REQUIRED ACTION — Please set down, unchanged, each line from the one with "Belladonna Evandros" to the final line of the data below, both included. Drop the pictures.

DATA SHOWN —
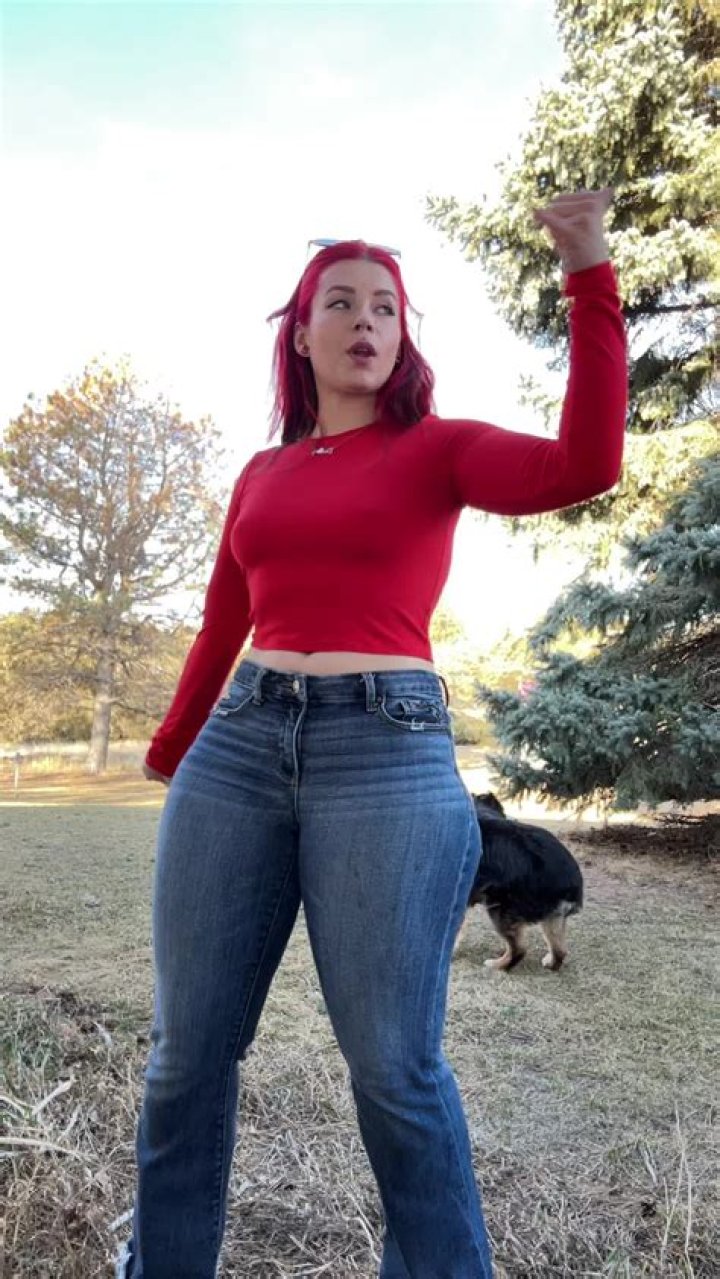 Queen Egirl 27: The Iconic Figure Redefining Pop Culture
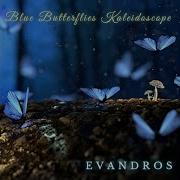 Belladonna Evandros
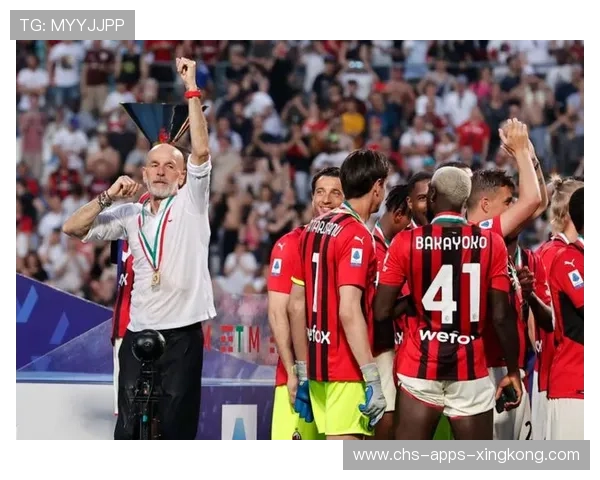 AC米兰拟把青训与地方学校合作深化形成输送体系,推动青少年足球发展 AC米兰拟把青训与地方学校合作深化形成输送体系,推动青少年足球发展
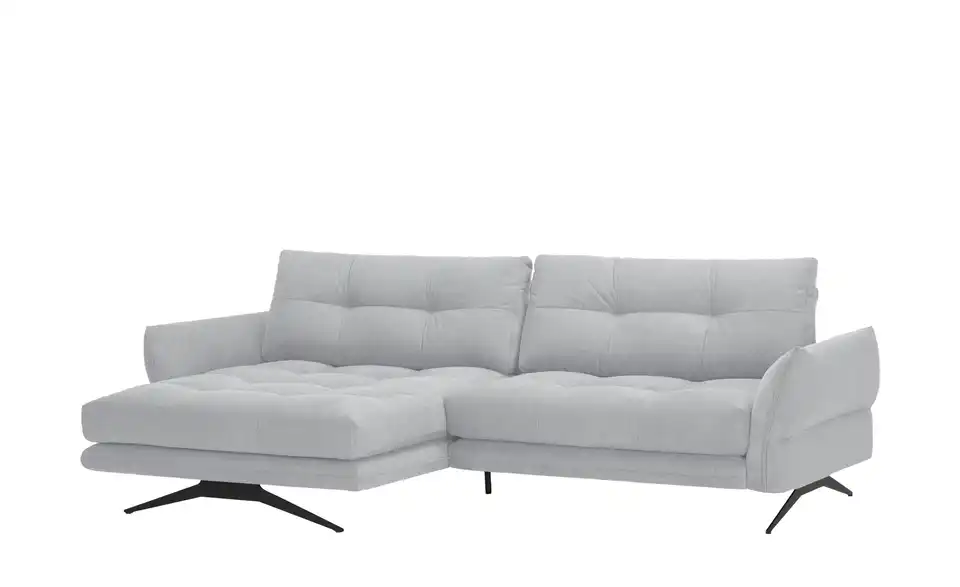 switch Ecksofa Roda, Funktionsansicht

RESPONSE —
 Belladonna Evandros
 AC米兰拟把青训与地方学校合作深化形成输送体系,推动青少年足球发展 AC米兰拟把青训与地方学校合作深化形成输送体系,推动青少年足球发展
 switch Ecksofa Roda, Funktionsansicht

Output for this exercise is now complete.